W niedzielnym rosyjskim ataku rakietowym na poligon pod Lwowem zginęli prawdopodobnie żołnierze oddziałów złożonych z ochotników cudzoziemskich i żołnierze armii ukraińskiej – uważa generał Waldemar Skrzypczak, były dowódca sił lądowych i wiceminister MON. W wyniku rosyjskiego ataku na Międzynarodowe Centrum Operacji Pokojowych i Bezpieczeństwa w obwodzie lwowskim na zachodzie Ukrainy, w pobliżu granicy z Polską, zginęło 35 osób, a 134 zostały ranne.

– Prawdopodobnie, tak sądzę, agenci rosyjscy powiadomili rosyjskie dowództwo, że na tym poligonie zbierają się legioniści legii cudzoziemskiej. W związku z tym uderzenia tam poszło i jeżeli straty są, to moim zdaniem, tam nie ma ludności cywilnej – powiedział Skrzypczak.

– Świadczy to o tym, że operacja rekrutacji legionistów i formowanie oddziałów nie jest realizowana pod przykryciem, czyli nie jest tajna.(…) To też jest błąd tych, którzy to robią, bo nie formuje się w takich miejscach oddziałów – podkreślił Skrzypczak.

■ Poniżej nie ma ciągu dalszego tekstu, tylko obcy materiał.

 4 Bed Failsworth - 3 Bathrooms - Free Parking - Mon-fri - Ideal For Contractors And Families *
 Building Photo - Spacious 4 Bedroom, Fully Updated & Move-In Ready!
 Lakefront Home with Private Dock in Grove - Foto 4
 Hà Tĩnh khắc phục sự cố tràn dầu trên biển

PONIŻEJ KONTYNUACJA TEKSTU

Na początku marca  doradca administracji prezydenta Wołodymyra Zełenskiego Mychajło Podoliak podawał, że na jaworskim poligonie prowadzone są ćwiczenia wolontariuszy.

Skrzypczak przypomniał, że poligon, na który dokonano ataku, jest dobrze znany Polakom, ponieważ nasze wojsko szkoliło się tam razem z ukraińskim w ramach wspólnych ćwiczeń “Kozacki Step”.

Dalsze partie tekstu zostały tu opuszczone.